Structured Property
Structured Properties are custom, typed metadata fields that can be attached to any entity type in DataHub. They enable organizations to extend the core metadata model with domain-specific attributes that support governance, compliance, and data discovery initiatives.
Identity
Structured Properties are identified by a single piece of information:
- The id or qualified name of the property: This is a unique string identifier that follows a namespace convention, typically using dot notation (e.g.,
io.acryl.privacy.retentionTimeorcompanyName.department.propertyName). The qualified name becomes part of the URN and must be globally unique across all structured properties in your DataHub instance.
An example of a structured property identifier is urn:li:structuredProperty:io.acryl.privacy.retentionTime.

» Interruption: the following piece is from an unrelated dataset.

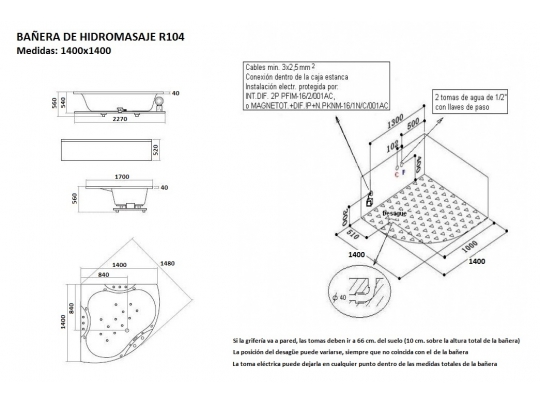 BAÑERA DE HIDROMASAJE R-104 2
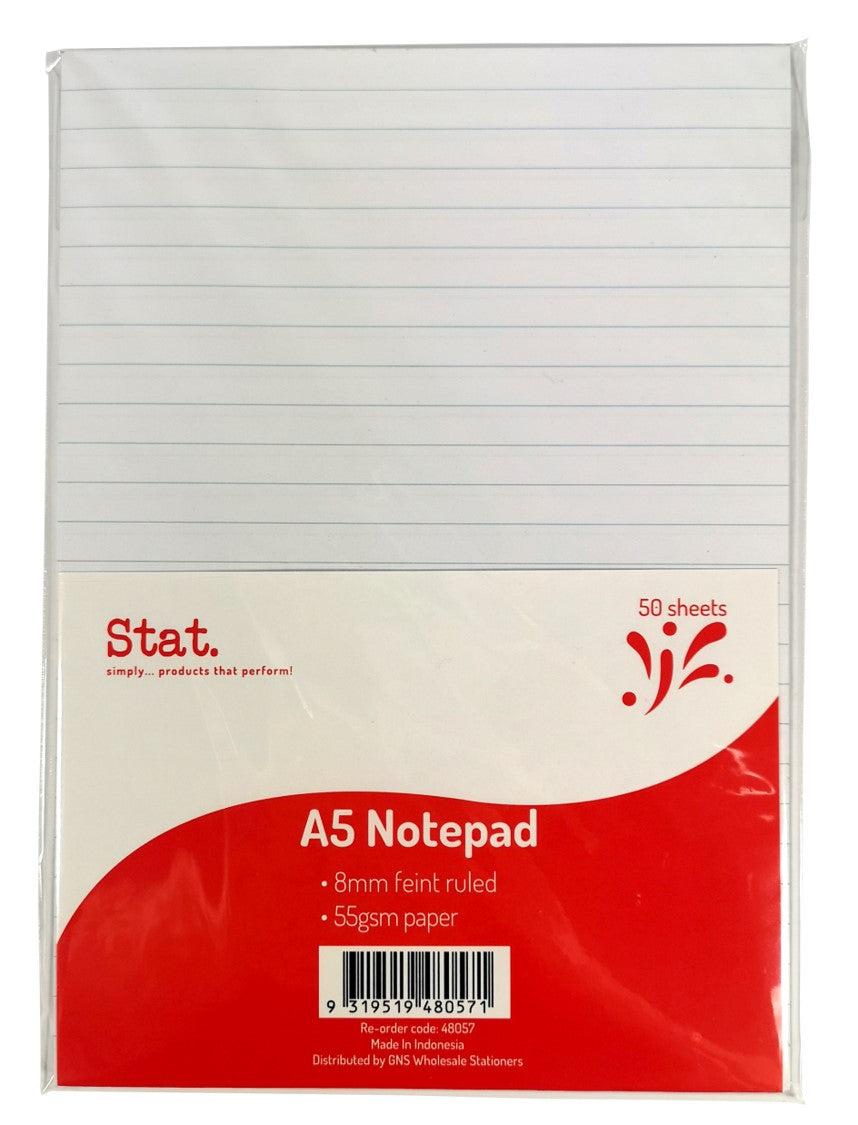 NOTEPAD STAT A5 55GSM 8MM RULING WHITE 50SHT   G48057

Unlike other entities that may require multiple pieces of information (platform, name, environment), structured properties have a simple, flat identity model based solely on their qualified name.
Important Capabilities
Property Definition
The core metadata for a structured property is captured in the propertyDefinition aspect, which defines:
Type System
Structured properties support strongly-typed values through the valueType field, which must reference a valid dataType entity. The supported types are:
- string: Text values (plain text)
- rich_text: Rich text with formatting
- number: Numeric values (integers or decimals)
- date: Date values
- urn: References to other DataHub entities
The type is specified as a URN: urn:li:dataType:datahub.string, urn:li:dataType:datahub.number, etc.
Type Qualifiers
For URN-type properties, you can restrict which entity types are allowed using the typeQualifier field. This enables creating properties that reference only specific entity types:
{
"valueType": "urn:li:dataType:datahub.urn",
"typeQualifier": {
"allowedTypes": [
"urn:li:entityType:datahub.corpuser",
"urn:li:entityType:datahub.corpGroup"
]
}
}
Cardinality
Structured properties can accept either single or multiple values via the cardinality field:
- SINGLE: Only one value can be assigned (default)

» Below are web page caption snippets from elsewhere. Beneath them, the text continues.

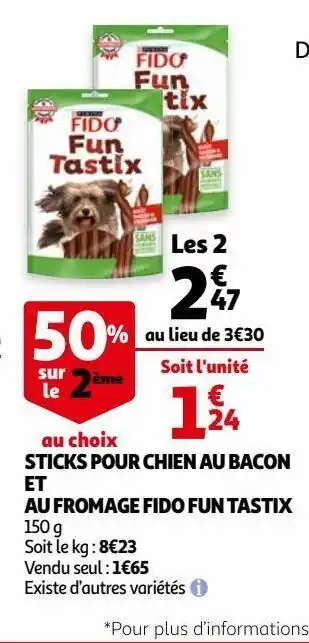 Auchan Sticks pour chien au bacon et au fromage fido fun tastix offre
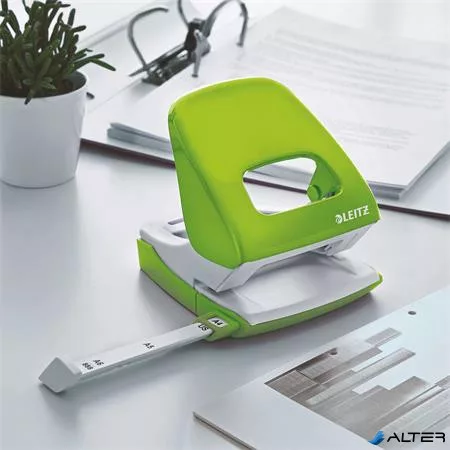 Lyukasztó, kétlyukú, 30 lap, LEITZ 'Nexxt Wow', zöld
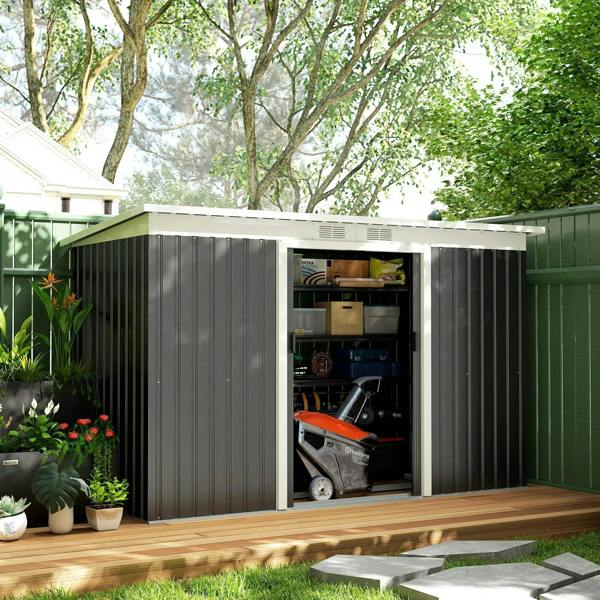 Dark grey metal garden shed with open double doors, tools and items stored inside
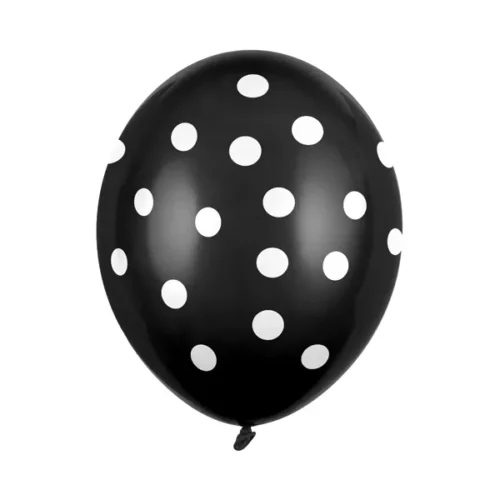 Latex balon sa tiskom - Crni sa bijelim točkicama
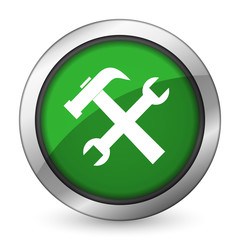 Obraz premium tools green icon service sign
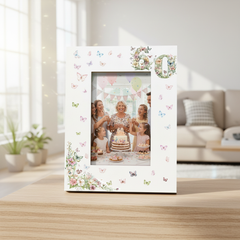 60th Birthday Photo Picture Frame Gift For Her With Butterflies and Flowers Photo Frame ukgiftstoreonline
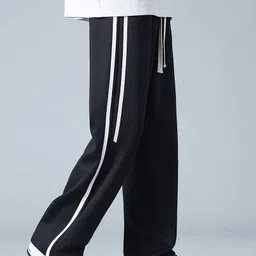 paralians Men Solid Black Track Pants image 2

- MULTIPLE: Multiple values can be assigned as an array
Entity Type Restrictions
The entityTypes array specifies which entity types this property can be applied to. For example, a property might only be applicable to:
- Datasets:
urn:li:entityType:datahub.dataset - Schema Fields (columns):
urn:li:entityType:datahub.schemaField - Dashboards:
urn:li:entityType:datahub.dashboard - Any combination of entity types
Validation Through Allowed Values
To enforce data quality and consistency, you can define a whitelist of acceptable values using the allowedValues array. Each allowed value can include:
- value: The actual value (string or number)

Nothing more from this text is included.